Employees and visitors take part in an emergency drill on the assumption that a polar bear has escaped from its enclosure at the Sapporo Maruyama Zoo in Sapporo on Nov. 13. (Hiraku Toda)

SAPPORO--"Attention, please! A polar bear has escaped!"

Immediately after the emergency announcement, about 60 visitors at Sapporo Maruyama Zoo in the capital of Hokkaido were instructed to evacuate to indoor facilities, while employees took their assigned positions.

The "polar bear" then came tramping out of the brush and onto the pavement, roaming the nearly empty grounds of the zoo.

Thankfully it wasn't a real one, but rather one of the zoo workers decked out in a white hazmat-like suit.
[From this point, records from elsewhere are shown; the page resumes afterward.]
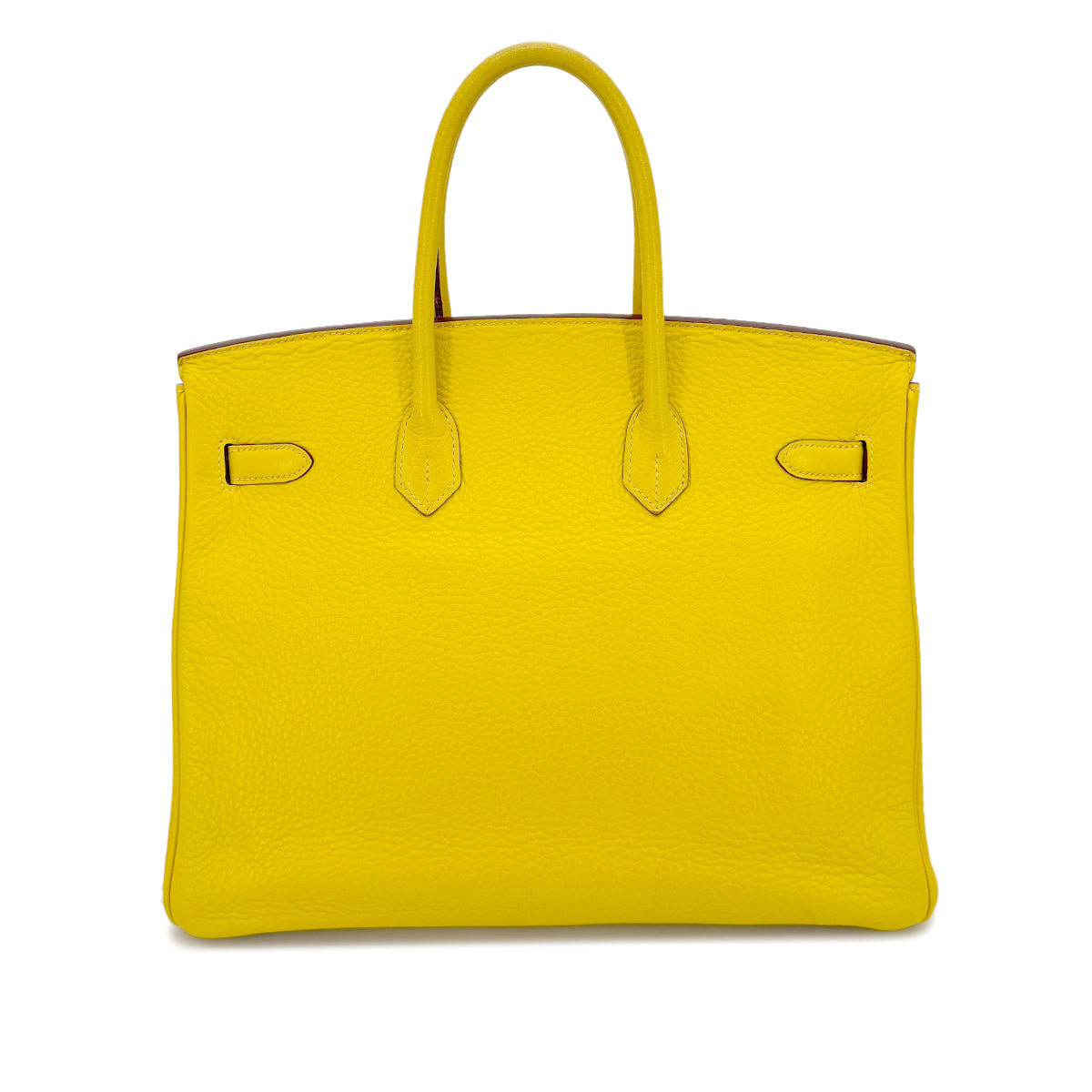 HERMES BIRKIN 35 JAUNE TAURILLON CLEMENCE HAND BAG □M SHW 90268831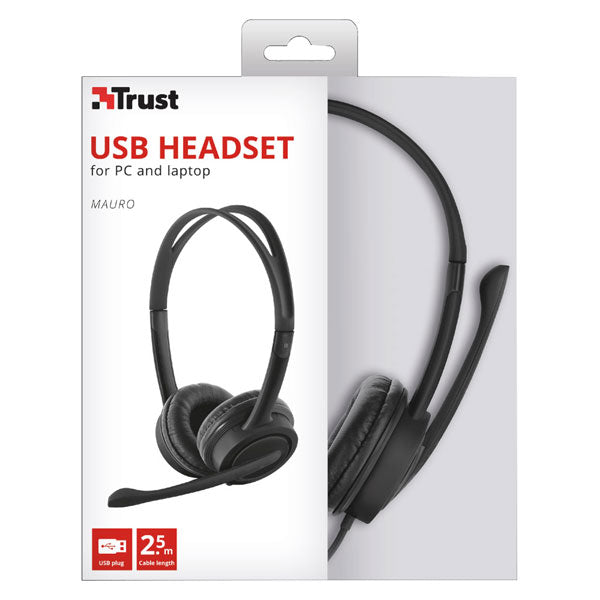 KUFJE TRUST USB HEADSET 2.5M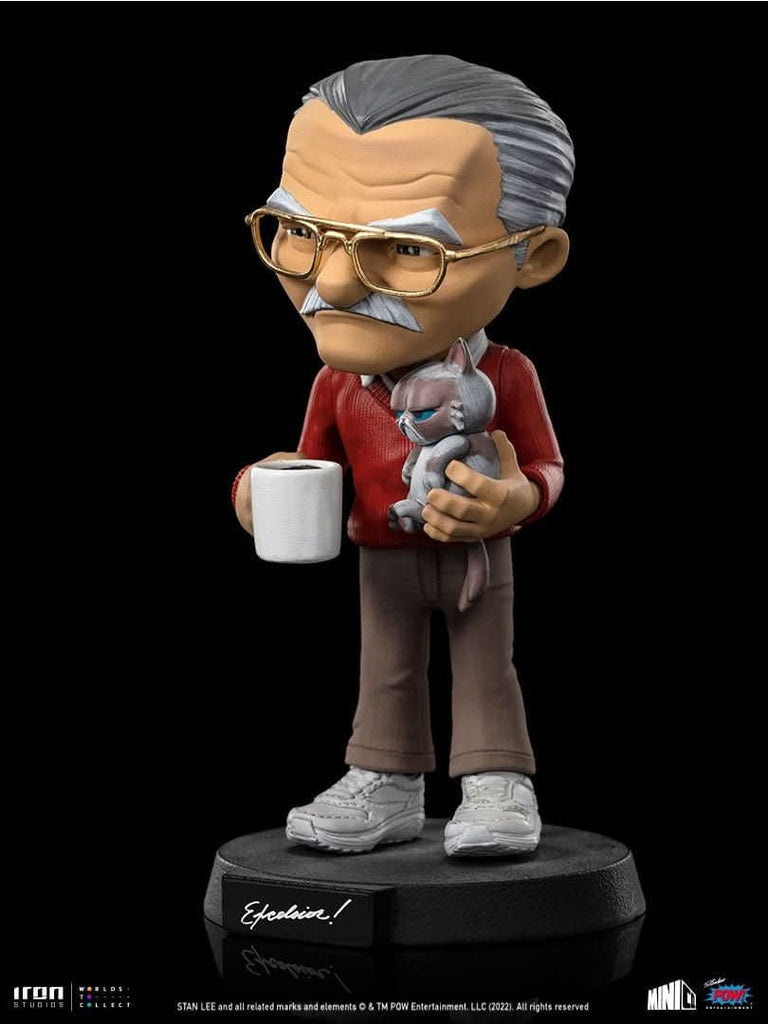 Stan Lee with Grumpy Cat - Pow - Minico - Iron Studios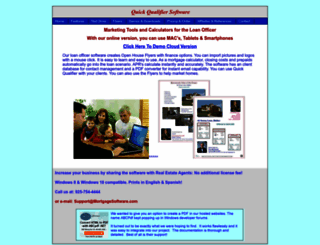 mortgagesoftware.com screenshot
The drill on Nov. 13 was staged by the zoo on the assumption that a door had malfunctioned at the polar bear enclosure, allowing one of the creatures to escape.

A more lifelike bear suit was not used, as it would have distressed other animals, according to the zoo.

During the drill, employees successfully blocked the path of the bear with poles and netting. An employee then fired a tranquilizer gun, causing it to fall to the ground.

The actor was then swiftly replaced with a white plastic foam bear. An employee shot a white net at it, and after ensuring that the bear was immobilized, helmeted staff members secured it with green netting. The dangerous escapee was then loaded onto a vehicle and wheeled off.

The entire drill took about 30 minutes.

"I was nervous, because I have no idea what I would do if a real bear got loose," said Emiko Horikawa, 68, a resident who participated in the drill, playing the role of a visitor.

"It's critical to follow the instructions of zoo employees as we did today," she added.

The zoo has conducted the drill annually, this being the 14th, on a day when it is closed.